▶ **What is required**:
Starting at the line below with "VT Men's Cable Knit Zipper Sweater" and stopping at the line with "Wall Mount Bracket", please print each line exactly, those two included, and skip every picture.

▶ **Extracted records**:

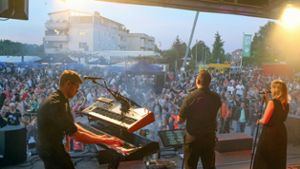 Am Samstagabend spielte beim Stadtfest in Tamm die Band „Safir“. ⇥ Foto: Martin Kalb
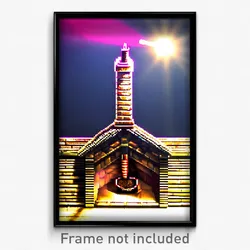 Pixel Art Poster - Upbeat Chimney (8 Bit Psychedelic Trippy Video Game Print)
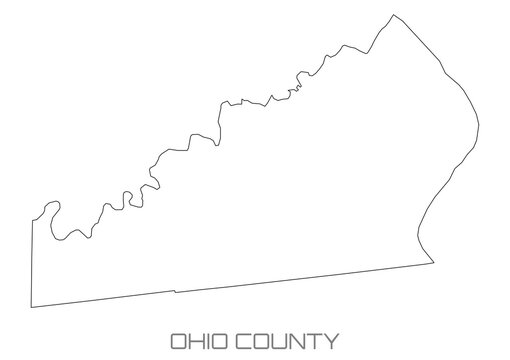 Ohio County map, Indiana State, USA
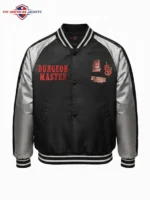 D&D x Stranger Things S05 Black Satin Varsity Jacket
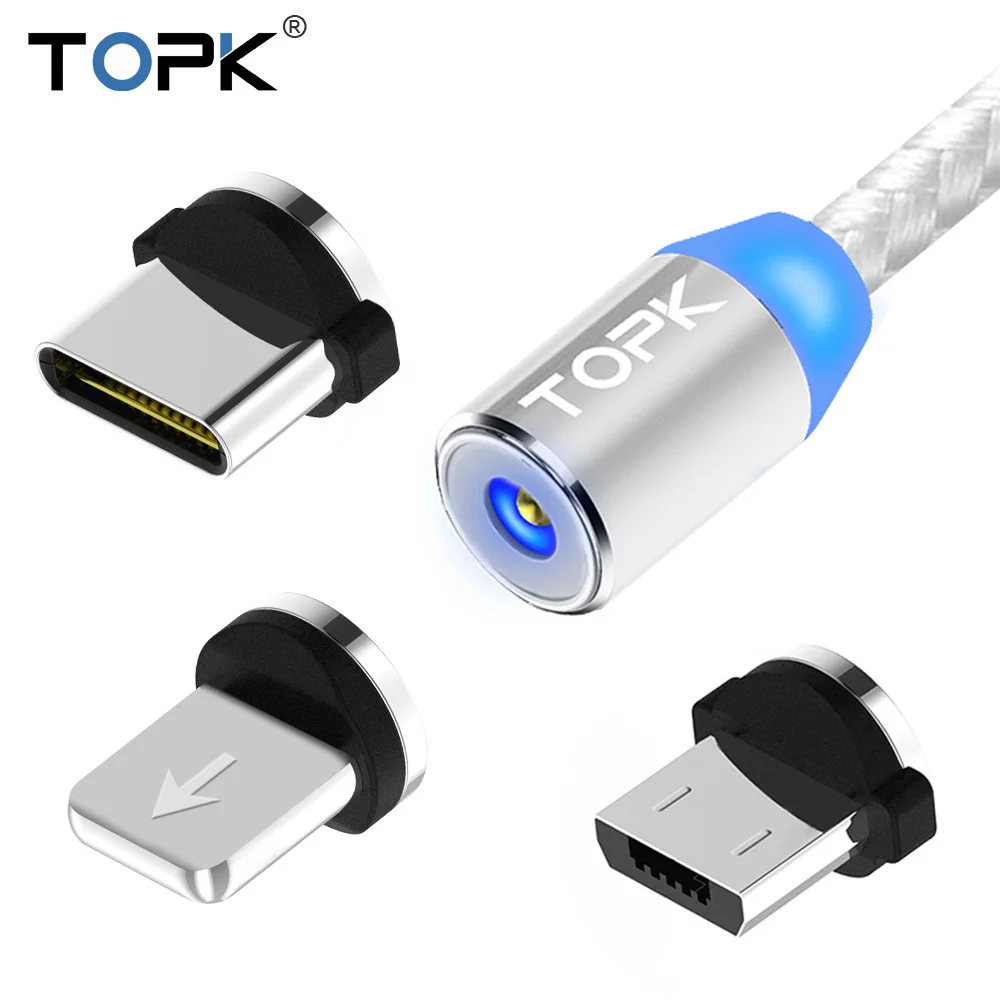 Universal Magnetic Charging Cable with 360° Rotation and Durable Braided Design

---

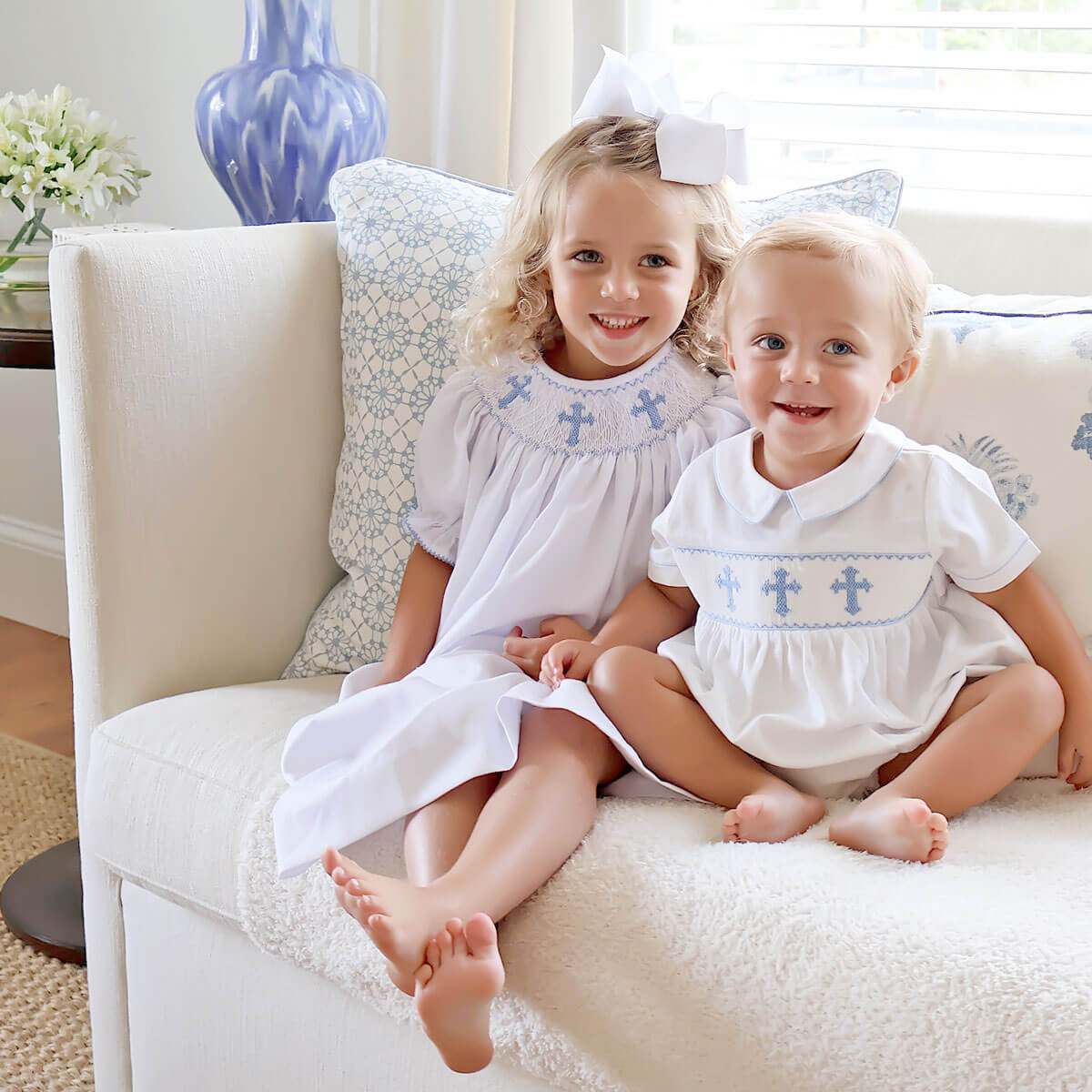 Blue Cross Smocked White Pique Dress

---

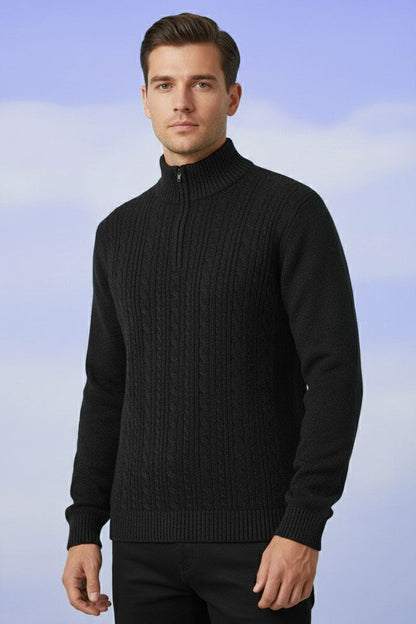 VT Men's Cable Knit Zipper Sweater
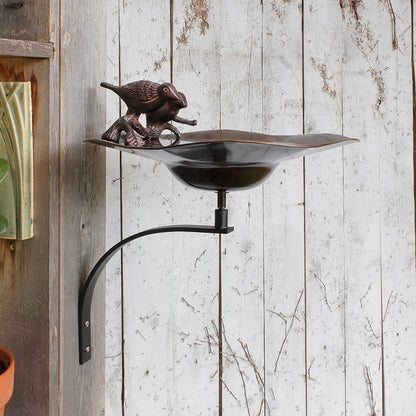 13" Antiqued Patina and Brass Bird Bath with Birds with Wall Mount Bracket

▶ **Response to this exercise**:
 VT Men's Cable Knit Zipper Sweater
 13" Antiqued Patina and Brass Bird Bath with Birds with Wall Mount Bracket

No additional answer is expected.